Dusze najmniejsze mają szczególnie uwrażliwić się na intencje swoich poczynań. Ich słabości są rzeczywiście wielkie. Dlatego muszą rozpocząć pracę nad nimi. A właściwie nie pracę, a modlitwę, by Bóg pomógł im przyjmować swoją maleńkość, czyli zgodzić się na swoje słabości, na swoją nędzę, nicość. Bo wtedy, uświadamiając sobie stan faktyczny swoich dusz, będą samoistnie usuwać się w cień, a nie szukać uznania w oczach innych osób. Za dobro płynące z czynów dziękować będą Bogu jako jedynemu ich sprawcy, nic nie przypisując sobie i nie odbierając w ten sposób chwały na ziemi, całej oczekując w wieczności.
Niech Bóg błogosławi nam. Niech Duch Święty poucza nas o pokorze, o ukryciu, o cichości. Niech poprowadzi nas Maryja – pełna pokory, ukryta w Bogu, najmniejsza, choć największa Święta. Niech Jezus da nam cierpliwość i wytrwałość w dążeniu do czystości naszych intencji. Niech cała Trójca Święta okryje nas swoją czystością, wypełni miłością, abyśmy już od teraz rozpoczęli nowe życie składające się z samych dobrych, czystych czynów. Niech błogosławi nas Bóg Ojciec, Syn Boży i Duch Święty.
Trafiłam na ten fragment w momencie kiedy przeżywam kryzys w relacji z partnerem, który mnie zranił. Mam wątpliwości czy powinnam kontynuować naszą relację. Fragment w którym Jezus zapłakał przyniósł mi pewne ukojenie. Mimo to nie wiem czy powinnam zapowiedzi ciężkich chwil traktować jako zapowiedź końca, czy zapowiedź ciężkiej pracy w odbudowie. Docenię każdą odpowiedź i podpowiedź.

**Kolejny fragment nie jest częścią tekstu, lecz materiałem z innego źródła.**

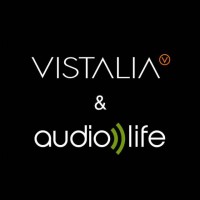 VISTALIA & AUDIOLIFE logo - Similar company to Siscopel S.L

Czytałam wiele rozważań,i nawet są ciekawe,ale mam jedno zastrzeżenie. Wiem że pycha jest zła, ale dlaczego mamy uznawać się za nicość,za nic nie wartych? Dlaczego mamy mieć niską samoocenę? Bóg nas kocha, a jeśli kogoś kochamy,to czy nie chcielibyśmy żeby kochana przez nas osoba była osobą pewną siebie, kochała też i siebie (nie tylko innych) i dbała nie tylko o potrzeby innych ale swoje własne też? To prawda że pycha to grzech, ale nie zgodzę się z tym żeby miłość też i do siebie,nie tylko do innych była czymś złym.(mówię tutaj o zdrowej miłości do siebie). Czy to nie jest takie popadanie ze skrajności w skrajność?